Where it drops off is in single-target boss fights against mobile enemies. If the boss has short recovery windows and moves constantly, the stomp animation can feel too slow for the payoff. That does not make it bad. It just means it is not the universal answer some players still expect from old patch-era discussions.

That patch history is worth mentioning because it changed how people talk about the skill. Hoarfrost Stomp is still strong, but you should treat it as a useful tool, not an automatic best-in-slot option for every encounter.

Bloody Slash

Bloody Slash is powerful, but the tradeoff is very real. It deals high damage, yet every use costs some of your own HP. On an aggressive bleed build, that can be a fair price to pay. On a character already struggling to stay alive, it can be a disaster.

This Ash tends to perform best in short fights where you can cash in that damage before the self-drain becomes a problem. If you have solid Vigor, enough healing flasks, and the fight is likely to end quickly, Bloody Slash can do serious work. If the fight is long or messy, the health cost starts stacking against you.

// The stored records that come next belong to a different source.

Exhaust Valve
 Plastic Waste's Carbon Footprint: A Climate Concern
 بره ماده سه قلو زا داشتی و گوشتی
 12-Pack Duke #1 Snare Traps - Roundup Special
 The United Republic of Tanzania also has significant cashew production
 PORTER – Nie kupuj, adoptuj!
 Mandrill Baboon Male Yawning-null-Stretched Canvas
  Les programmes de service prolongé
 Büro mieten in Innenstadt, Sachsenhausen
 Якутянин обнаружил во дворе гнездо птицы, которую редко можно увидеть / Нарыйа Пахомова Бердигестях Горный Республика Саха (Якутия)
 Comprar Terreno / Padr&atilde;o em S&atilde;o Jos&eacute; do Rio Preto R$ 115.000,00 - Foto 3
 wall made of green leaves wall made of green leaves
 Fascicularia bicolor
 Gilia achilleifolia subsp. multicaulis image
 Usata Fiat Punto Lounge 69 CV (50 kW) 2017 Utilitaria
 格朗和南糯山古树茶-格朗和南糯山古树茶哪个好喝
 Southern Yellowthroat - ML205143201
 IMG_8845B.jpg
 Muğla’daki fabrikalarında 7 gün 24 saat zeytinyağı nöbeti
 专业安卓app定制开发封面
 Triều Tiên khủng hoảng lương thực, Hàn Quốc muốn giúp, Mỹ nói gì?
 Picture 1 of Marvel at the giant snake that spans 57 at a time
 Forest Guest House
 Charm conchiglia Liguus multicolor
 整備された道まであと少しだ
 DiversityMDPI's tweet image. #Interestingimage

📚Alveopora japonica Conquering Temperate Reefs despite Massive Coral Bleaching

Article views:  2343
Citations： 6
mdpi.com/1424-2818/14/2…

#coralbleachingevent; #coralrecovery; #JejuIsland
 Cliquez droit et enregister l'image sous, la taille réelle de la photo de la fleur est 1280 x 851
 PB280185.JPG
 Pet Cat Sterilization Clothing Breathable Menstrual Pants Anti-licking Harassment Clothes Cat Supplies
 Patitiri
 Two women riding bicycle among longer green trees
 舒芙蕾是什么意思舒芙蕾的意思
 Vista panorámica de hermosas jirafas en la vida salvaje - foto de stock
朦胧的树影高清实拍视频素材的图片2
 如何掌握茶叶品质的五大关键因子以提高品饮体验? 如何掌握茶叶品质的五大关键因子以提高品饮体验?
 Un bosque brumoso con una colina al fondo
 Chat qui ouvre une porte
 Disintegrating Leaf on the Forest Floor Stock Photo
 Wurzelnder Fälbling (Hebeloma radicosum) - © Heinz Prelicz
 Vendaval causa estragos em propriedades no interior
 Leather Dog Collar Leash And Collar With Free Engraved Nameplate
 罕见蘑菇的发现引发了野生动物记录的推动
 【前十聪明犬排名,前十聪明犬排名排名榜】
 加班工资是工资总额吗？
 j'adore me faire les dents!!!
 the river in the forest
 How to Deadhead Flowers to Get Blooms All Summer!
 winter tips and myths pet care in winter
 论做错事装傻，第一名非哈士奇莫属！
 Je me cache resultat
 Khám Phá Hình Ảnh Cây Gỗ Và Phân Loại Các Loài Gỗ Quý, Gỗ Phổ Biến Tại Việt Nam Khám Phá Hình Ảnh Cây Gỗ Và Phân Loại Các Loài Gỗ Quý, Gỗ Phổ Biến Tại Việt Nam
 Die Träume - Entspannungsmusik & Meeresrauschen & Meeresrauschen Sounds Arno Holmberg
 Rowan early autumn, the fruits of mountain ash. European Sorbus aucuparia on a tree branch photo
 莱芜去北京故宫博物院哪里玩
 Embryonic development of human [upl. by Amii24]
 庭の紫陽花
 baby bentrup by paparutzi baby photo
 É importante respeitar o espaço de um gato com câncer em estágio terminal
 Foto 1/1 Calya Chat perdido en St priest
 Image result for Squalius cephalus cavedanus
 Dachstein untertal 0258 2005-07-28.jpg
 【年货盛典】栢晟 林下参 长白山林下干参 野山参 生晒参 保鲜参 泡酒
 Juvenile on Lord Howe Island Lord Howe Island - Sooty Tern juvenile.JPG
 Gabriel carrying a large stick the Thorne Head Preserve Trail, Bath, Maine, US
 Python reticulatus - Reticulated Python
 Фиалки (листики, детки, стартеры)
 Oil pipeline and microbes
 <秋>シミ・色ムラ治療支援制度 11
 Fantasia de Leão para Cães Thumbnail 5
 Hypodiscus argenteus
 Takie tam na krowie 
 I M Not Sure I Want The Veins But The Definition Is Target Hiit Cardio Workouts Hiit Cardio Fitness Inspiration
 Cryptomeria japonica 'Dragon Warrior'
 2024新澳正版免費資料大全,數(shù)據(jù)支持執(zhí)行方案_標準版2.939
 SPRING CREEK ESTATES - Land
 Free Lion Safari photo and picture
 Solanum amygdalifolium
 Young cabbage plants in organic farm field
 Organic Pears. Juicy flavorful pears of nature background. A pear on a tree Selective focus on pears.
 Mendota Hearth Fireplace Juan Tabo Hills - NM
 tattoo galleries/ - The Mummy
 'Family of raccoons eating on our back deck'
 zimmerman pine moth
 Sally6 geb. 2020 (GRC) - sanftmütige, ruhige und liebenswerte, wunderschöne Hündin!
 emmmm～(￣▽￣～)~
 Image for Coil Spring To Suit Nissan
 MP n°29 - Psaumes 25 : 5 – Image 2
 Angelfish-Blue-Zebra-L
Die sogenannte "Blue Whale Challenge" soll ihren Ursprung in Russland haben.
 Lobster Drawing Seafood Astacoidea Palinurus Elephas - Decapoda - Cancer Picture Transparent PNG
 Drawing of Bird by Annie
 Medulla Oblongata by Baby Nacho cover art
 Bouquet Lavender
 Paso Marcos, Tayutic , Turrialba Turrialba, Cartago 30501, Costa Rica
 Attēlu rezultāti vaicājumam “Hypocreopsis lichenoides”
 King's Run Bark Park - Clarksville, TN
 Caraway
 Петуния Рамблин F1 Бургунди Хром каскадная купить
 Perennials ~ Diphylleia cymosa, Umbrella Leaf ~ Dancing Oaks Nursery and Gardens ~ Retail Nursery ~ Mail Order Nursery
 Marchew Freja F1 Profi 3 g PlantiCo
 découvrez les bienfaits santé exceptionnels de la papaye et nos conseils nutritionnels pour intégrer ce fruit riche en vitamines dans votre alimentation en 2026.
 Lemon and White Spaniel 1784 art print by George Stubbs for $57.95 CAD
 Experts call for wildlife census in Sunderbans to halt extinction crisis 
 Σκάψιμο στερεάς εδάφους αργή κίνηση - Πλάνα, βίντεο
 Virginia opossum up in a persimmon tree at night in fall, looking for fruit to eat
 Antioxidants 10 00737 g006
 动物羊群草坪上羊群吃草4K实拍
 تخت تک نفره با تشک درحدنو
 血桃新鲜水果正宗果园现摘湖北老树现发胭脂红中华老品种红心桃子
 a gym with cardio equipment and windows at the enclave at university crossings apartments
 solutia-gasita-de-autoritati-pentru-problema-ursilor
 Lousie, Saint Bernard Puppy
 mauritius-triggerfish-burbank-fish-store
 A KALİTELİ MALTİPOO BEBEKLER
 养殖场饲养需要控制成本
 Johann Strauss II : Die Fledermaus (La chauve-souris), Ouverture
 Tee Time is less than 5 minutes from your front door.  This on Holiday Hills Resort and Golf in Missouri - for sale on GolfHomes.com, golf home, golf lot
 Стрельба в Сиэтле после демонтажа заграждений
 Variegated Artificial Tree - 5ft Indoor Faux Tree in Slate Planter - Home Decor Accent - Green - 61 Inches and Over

A quick checklist before leaning on Bloody Slash:

  • Enough Vigor to handle the self-damage comfortably

  • Healing flasks to spare

  • A fight short enough to justify the HP trade

The trap is using it everywhere. If you burn HP and healing on routine enemies, you can walk into a boss with fewer resources than you need. That is when a strong Ash turns into a bad habit.

Master Your Ash of War Setup

Getting good with Ashes of War in Elden Ring is really about matching the right skill and affinity to your weapon, your stats, and the fight in front of you. That is the whole system in a sentence. No single Ash is best in every situation, and that is exactly why the feature is so strong.

The smart approach is to keep one dependable setup for exploration, then swap when a boss or a specific encounter gives you a real reason to do it. That usually means checking the fight first, not just reacting to the newest affinity or the most talked-about skill.

And honestly, that is where most players get better results. Not by chasing whatever looks coolest, but by making sure the Ash of War actually fits the build and the encounter. If you understand the Whetstone Knife unlock, know which weapons can be changed, and pay attention to how affinities scale, your weapon setup will start making a lot more sense.